Todesfall in Finnland
Todesfall in Finnland: Rechtliche Verfahren, Nachlass, Erbschaft und steuerliche Pflichten
Ein Todesfall in Finnland führt neben der persönlichen Trauer zu einer Reihe rechtlicher, administrativer und steuerlicher Aufgaben. Besonders wichtig sind die Feststellung des Nachlasses, die Erstellung des Nachlassverzeichnisses, die Regelung von Schulden und Vermögenswerten sowie gegebenenfalls die Erbschaftsteuer. Bei internationalen Familien können zusätzlich Fragen des internationalen Erbrechts und der grenzüberschreitenden Besteuerung entstehen.
1. Rechtliche Folgen eines Todesfalls
Mit dem Tod einer Person entsteht in Finnland ein sogenannter death estate (kuolinpesä). Dieser umfasst grundsätzlich das Vermögen und die Verbindlichkeiten des Verstorbenen. Zu den Beteiligten des Nachlasses gehören insbesondere die Erben, bestimmte Vermächtnisnehmer und – bis zur Aufteilung des ehelichen Vermögens – der überlebende Ehegatte.
Der Nachlass wird grundsätzlich gemeinschaftlich verwaltet. Deshalb sollten wichtige Entscheidungen über Immobilien, Bankguthaben, Wertpapiere oder andere bedeutende Vermögenswerte sorgfältig dokumentiert werden.
2. Das Nachlassverzeichnis (Perunkirjoitus)
Ein besonders wichtiger Schritt ist die Erstellung des finnischen Nachlassverzeichnisses (estate inventory deed). Darin werden die Vermögenswerte und Schulden des Verstorbenen sowie die Erben und sonstigen relevanten Beteiligten aufgeführt.
Die Nachlassinventur muss grundsätzlich innerhalb von drei Monaten nach dem Tod durchgeführt werden. Das erstellte Dokument muss anschließend innerhalb eines Monats nach der Nachlassinventur bei der finnischen Steuerverwaltung eingehen. Unter bestimmten Voraussetzungen kann eine Verlängerung der Frist beantragt werden.
Das Nachlassverzeichnis ist nicht nur für die Erbschaftsteuer relevant. Es wird beispielsweise auch von Banken und anderen Behörden benötigt, um die Angelegenheiten des Nachlasses abzuwickeln.
3. Ermittlung der Erben
Wenn kein Testament vorhanden ist, richtet sich die Erbfolge grundsätzlich nach der gesetzlichen Erbfolge Finnlands.
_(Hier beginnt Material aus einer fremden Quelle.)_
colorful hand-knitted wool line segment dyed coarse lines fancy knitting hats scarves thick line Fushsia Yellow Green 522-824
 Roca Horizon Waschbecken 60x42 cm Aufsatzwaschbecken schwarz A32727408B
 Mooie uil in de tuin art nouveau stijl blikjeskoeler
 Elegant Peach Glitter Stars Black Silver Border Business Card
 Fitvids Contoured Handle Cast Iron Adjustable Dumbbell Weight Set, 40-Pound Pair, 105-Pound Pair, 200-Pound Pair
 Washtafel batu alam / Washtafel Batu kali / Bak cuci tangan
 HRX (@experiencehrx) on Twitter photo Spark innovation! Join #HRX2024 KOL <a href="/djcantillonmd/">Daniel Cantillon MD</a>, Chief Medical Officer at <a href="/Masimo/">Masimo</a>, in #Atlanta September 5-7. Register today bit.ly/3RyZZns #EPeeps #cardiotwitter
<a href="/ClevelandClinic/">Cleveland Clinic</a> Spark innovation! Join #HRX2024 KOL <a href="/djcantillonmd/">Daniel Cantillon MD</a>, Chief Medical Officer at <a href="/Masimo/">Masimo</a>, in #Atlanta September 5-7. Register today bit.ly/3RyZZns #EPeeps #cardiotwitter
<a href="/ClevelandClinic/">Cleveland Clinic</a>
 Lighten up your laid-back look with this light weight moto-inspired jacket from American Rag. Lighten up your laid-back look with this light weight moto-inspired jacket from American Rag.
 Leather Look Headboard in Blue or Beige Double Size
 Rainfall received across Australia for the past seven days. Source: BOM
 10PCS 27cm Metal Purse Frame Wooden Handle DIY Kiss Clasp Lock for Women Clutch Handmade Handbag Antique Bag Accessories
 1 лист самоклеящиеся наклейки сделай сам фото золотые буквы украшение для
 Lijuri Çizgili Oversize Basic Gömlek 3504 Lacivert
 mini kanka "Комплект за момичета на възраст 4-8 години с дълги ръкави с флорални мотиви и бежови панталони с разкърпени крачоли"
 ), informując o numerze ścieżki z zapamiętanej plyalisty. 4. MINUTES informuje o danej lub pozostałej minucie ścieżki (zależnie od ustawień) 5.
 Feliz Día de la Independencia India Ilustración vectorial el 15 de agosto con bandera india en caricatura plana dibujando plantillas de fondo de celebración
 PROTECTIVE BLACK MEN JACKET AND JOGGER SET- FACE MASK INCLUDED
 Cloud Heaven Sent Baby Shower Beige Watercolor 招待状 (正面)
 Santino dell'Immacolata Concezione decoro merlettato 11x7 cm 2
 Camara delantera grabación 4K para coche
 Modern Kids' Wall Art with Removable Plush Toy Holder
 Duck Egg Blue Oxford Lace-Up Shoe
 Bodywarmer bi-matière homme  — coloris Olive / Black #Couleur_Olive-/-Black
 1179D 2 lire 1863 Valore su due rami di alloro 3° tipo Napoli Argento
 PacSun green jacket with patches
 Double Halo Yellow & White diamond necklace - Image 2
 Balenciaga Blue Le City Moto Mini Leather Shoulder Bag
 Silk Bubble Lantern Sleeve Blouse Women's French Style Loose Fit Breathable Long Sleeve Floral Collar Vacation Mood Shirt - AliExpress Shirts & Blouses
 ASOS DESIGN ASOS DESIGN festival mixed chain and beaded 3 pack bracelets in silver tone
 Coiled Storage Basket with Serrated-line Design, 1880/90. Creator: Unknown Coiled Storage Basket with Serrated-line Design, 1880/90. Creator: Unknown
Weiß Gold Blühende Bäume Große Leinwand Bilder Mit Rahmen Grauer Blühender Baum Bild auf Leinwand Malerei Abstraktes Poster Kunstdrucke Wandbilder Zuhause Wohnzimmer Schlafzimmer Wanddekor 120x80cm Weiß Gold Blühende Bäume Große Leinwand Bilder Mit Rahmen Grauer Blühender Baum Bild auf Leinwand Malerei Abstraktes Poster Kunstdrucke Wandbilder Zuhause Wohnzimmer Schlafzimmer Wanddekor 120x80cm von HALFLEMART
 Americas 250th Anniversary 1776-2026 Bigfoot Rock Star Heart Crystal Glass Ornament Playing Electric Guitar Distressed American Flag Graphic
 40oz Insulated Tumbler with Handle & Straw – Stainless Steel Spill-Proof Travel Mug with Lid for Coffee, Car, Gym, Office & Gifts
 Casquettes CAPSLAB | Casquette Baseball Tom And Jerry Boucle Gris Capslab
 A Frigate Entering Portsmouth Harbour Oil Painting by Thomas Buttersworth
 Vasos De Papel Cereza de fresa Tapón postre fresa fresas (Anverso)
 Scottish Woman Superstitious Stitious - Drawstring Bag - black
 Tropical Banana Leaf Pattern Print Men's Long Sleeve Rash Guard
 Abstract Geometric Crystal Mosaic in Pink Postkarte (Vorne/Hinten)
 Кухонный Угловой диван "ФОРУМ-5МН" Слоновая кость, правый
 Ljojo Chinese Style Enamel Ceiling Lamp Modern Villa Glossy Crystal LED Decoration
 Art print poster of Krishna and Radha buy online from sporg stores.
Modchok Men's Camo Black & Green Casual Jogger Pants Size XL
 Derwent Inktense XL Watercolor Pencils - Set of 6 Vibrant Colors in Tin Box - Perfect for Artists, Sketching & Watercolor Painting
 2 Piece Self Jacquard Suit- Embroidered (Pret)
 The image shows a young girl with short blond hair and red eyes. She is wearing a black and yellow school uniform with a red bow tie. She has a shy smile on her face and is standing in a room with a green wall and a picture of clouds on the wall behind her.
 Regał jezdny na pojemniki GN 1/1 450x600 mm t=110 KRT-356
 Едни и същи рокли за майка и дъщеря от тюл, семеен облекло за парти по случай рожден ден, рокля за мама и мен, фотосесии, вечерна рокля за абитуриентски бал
Vorrangig erben die Kinder des Verstorbenen; sind diese bereits verstorben, können deren Nachkommen an ihre Stelle treten.
Der überlebende Ehegatte hat eine besondere rechtliche Stellung. Wenn keine direkten Nachkommen vorhanden sind, kann der Ehegatte gesetzlicher Erbe sein. Die konkrete Vermögensaufteilung kann außerdem durch eheliches Güterrecht und ein bestehendes Eheabkommen beeinflusst werden.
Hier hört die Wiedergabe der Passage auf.